これこそが、いわゆる「仕事をしないおじさん(あるいは女性)」が出現する原理です。仕事をしなくなるまで出世してしまい、やがて誰もがリストラ対象となってしまうという。会社という組織体は、そんな構造を持っているのです。

「働かないアリも大事なアリ」で、武士の情けで飼い殺しにしてくれれば良いのですが、もはや「窓際族」を必要悪として許してくれる時代は過ぎ去りました。かつてのいわば「窓際オプション」が、現代では「早期退職支援オプション」に変わった、というのが今の私の理解です。

となると、やはり、なんらかの準備が必要なのであります。

その1 とりあえずお金の準備はしておく

記事には「得られる退職金は約800万円。今のご時世、決して少なくはないが、定年まではとても持たない」というため息が書かれています。

たしかに、これだけではそうですが、死ぬまで生き延びる算段は、他にもいろいろあります。

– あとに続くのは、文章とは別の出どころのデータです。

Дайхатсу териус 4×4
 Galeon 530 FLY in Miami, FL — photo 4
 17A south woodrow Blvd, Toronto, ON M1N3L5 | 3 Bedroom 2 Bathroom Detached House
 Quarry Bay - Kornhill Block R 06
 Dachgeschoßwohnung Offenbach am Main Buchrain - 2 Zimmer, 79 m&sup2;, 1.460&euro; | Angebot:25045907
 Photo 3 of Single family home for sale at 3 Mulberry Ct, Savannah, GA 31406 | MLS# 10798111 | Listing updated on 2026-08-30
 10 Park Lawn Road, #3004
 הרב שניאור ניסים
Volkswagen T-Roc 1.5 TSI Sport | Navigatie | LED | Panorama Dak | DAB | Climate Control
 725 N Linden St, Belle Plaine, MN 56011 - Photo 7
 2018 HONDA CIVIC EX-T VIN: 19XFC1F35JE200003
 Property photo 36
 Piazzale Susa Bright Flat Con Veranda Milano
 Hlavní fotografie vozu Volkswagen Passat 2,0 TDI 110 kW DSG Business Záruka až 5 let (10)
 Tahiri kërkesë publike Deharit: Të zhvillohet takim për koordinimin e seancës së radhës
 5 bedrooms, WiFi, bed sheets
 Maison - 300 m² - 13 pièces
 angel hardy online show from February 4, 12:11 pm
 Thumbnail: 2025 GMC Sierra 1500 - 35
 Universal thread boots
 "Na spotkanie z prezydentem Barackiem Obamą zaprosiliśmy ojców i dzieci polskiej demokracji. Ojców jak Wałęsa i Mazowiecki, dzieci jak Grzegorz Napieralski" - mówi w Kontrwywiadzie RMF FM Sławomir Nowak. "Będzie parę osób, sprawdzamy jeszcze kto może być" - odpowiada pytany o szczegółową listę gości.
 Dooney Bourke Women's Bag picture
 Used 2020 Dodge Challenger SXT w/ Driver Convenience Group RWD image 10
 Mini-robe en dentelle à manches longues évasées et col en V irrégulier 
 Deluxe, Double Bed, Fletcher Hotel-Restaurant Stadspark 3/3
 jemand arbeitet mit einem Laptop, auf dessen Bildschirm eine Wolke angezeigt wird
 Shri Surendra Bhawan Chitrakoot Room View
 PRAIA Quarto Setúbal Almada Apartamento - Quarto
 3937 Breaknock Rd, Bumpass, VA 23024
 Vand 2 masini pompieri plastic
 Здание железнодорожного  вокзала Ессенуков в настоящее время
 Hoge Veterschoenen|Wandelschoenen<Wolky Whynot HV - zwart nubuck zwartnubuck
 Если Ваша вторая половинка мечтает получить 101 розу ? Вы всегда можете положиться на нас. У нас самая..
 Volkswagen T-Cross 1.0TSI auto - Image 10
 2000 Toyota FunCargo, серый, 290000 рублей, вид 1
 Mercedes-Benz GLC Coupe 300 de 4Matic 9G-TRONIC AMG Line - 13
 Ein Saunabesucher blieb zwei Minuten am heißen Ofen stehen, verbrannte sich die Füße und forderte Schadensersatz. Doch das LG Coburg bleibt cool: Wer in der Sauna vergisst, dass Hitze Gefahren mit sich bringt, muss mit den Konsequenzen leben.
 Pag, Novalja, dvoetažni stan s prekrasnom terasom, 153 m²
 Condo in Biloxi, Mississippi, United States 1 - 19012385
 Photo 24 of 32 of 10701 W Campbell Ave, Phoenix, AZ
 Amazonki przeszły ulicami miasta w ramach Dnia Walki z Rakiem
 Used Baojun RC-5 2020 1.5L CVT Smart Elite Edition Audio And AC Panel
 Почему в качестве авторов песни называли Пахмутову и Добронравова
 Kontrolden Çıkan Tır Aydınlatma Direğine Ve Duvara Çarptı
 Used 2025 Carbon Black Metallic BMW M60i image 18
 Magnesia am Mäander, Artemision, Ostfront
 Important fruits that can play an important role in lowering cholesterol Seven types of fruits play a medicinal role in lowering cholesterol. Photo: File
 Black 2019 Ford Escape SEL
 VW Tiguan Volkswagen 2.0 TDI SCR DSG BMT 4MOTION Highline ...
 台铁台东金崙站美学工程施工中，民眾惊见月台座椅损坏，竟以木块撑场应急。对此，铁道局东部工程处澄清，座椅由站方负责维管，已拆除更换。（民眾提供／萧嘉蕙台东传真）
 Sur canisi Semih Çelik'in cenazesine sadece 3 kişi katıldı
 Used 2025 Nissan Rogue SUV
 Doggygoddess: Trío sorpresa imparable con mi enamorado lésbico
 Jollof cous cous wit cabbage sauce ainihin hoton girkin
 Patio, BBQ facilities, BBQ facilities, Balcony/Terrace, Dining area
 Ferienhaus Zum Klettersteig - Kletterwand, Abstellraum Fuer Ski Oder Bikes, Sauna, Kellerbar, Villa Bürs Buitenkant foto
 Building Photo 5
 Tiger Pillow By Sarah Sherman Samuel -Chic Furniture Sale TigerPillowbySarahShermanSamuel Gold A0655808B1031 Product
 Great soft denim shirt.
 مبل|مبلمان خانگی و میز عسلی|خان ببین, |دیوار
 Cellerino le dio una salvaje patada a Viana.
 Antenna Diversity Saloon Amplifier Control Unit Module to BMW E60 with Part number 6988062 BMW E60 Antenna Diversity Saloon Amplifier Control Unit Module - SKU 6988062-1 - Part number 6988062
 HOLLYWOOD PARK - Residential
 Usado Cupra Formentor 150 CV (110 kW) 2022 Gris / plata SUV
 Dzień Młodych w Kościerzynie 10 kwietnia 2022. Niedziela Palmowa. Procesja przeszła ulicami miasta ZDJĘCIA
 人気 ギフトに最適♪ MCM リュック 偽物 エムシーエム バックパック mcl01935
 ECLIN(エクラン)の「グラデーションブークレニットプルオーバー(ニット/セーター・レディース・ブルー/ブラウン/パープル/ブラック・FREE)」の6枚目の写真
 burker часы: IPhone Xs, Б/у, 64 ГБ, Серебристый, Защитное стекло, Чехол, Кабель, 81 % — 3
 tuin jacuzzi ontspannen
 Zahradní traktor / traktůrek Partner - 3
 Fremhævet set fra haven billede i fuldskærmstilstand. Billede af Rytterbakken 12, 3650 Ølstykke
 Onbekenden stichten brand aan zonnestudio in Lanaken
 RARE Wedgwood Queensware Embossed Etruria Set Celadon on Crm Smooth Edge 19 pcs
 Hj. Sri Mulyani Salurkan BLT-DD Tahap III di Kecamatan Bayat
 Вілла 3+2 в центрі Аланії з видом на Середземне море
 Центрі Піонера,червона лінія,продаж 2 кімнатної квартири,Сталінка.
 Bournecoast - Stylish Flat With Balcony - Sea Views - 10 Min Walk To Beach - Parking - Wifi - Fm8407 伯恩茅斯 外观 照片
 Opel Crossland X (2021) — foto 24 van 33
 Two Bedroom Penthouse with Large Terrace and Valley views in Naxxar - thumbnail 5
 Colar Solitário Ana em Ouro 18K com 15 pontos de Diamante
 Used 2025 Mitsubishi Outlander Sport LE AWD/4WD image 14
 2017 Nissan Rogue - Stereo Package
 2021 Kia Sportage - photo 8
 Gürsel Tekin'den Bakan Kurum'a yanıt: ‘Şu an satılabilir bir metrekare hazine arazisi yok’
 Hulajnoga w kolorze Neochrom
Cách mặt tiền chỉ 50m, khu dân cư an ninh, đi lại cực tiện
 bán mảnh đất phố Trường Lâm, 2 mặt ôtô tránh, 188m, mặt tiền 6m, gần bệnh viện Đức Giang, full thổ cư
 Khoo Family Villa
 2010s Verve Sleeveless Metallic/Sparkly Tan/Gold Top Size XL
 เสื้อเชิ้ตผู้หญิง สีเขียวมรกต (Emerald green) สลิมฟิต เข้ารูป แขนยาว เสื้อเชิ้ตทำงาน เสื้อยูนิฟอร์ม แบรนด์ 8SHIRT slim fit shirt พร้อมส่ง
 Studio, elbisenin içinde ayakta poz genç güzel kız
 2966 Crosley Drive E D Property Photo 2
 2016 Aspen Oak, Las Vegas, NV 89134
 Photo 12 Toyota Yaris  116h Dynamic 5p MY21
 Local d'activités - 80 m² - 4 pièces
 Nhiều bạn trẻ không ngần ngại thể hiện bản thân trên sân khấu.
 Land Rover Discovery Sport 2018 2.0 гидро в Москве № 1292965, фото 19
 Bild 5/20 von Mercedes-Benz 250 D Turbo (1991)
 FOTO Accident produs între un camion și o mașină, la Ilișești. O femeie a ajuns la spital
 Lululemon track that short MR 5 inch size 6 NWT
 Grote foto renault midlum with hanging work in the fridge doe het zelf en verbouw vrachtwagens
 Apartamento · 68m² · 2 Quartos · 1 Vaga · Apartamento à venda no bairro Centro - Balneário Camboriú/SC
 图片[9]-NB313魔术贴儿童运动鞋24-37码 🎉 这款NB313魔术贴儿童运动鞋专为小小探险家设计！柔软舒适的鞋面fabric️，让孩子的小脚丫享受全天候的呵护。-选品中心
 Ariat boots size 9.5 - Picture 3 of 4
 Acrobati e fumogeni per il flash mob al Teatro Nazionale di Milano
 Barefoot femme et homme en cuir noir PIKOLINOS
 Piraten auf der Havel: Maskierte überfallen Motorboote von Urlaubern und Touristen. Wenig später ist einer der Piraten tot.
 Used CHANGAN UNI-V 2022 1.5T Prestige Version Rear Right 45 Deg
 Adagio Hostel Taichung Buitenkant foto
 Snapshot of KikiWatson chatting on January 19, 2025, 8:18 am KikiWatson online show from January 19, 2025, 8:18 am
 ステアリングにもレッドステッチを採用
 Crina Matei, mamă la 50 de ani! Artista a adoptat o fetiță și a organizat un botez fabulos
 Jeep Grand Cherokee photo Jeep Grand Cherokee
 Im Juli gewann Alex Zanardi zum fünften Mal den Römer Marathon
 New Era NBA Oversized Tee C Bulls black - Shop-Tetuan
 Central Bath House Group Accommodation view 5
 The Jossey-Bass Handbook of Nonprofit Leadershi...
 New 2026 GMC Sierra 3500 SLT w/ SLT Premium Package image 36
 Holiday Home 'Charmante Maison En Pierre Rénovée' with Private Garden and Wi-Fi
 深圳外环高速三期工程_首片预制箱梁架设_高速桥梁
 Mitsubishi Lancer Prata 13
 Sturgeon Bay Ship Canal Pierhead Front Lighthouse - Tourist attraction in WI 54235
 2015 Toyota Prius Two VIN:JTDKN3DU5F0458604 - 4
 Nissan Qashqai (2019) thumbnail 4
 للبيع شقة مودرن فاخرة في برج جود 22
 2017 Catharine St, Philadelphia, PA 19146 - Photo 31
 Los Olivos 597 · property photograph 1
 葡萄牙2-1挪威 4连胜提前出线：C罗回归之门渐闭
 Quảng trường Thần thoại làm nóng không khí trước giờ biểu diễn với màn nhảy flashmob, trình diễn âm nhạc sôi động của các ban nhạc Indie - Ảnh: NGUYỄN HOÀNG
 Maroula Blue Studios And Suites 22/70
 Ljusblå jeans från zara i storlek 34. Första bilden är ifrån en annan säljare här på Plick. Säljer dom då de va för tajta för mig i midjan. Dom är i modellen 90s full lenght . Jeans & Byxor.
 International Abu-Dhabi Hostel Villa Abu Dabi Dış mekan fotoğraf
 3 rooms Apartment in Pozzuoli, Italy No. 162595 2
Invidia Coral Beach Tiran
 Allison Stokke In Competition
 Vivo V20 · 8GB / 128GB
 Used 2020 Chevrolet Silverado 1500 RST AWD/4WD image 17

かなり昔のエントリーで考えた方法論でも「金融資産に頼る」「公的年金に頼る」「企業年金に頼る」「遺産に頼る」「持ち家に頼る」「配偶者、子孫に頼る」「節約する」。いろんな「頼るもの」を作るというのが人生の一つの考え方。かっこつけても仕方がありません。

特に「お金」は最強。「お金」には色はなく、退職勧奨を受けなくても、老後の資金に困らなくても、あって困ることはありません。あるとすれば、ヒャッハーに襲われやすくなるかもしれないということぐらいです。

その2 セカンドキャリアとは、自分本来の能力が発揮できる場所を見つけること

記事から引用すると、

”「セカンドキャリアとして紹介された仕事も、介護などこれまでにやったことのない業務ばかりで当惑しました。まだまだこれからキャリアを積み上げていきたいと思っていたのに。”

でも、これが、現代労働市場の現実のひとつ。

「キャリアを積み上げてきた」という想い自体が勘違いだった可能性もあります。ひょっとすると、アラフィフの声を聞いて、エリアマネージャになったのも、昔からある「梯子を掛けてはずされる」というパターンだったのかもしれません。ホントにキャリアが積み上がっていて相対的な人材価値が高いのであれば、同じフィールドで転職もできるはずですから、辞めたくないということとも多少矛盾します。

嫌われないように適度に出世するようにうまく世を渡り、今の会社で輝き続けるのも一つの手ですし、サラリーマンはとっとと卒業して自主独立というのも考え方の一つです。私の場合は後者。そう言う人間でした。

セカンドキャリアとは、長い時間を掛けて「自分本来の能力が発揮できる場所を見つけること」なのであります。

記事では更に「今の企業にできるだけ勤め続けたいと考えているが、風当たりが強くなるのは覚悟している」とありますが、「風当たりの強くなり方」もいろいろあります。一番つらいのは、その人にとって厳しい職務への人事異動でしょうね。長い労働人生の最後の10年、20年くらいは、輝ける場所を自分で見つける努力をした方が良い、というのが、早期リタイアした私の考え方であります。

なんだか現代サラリーマン人生訓みたいになっちゃいました。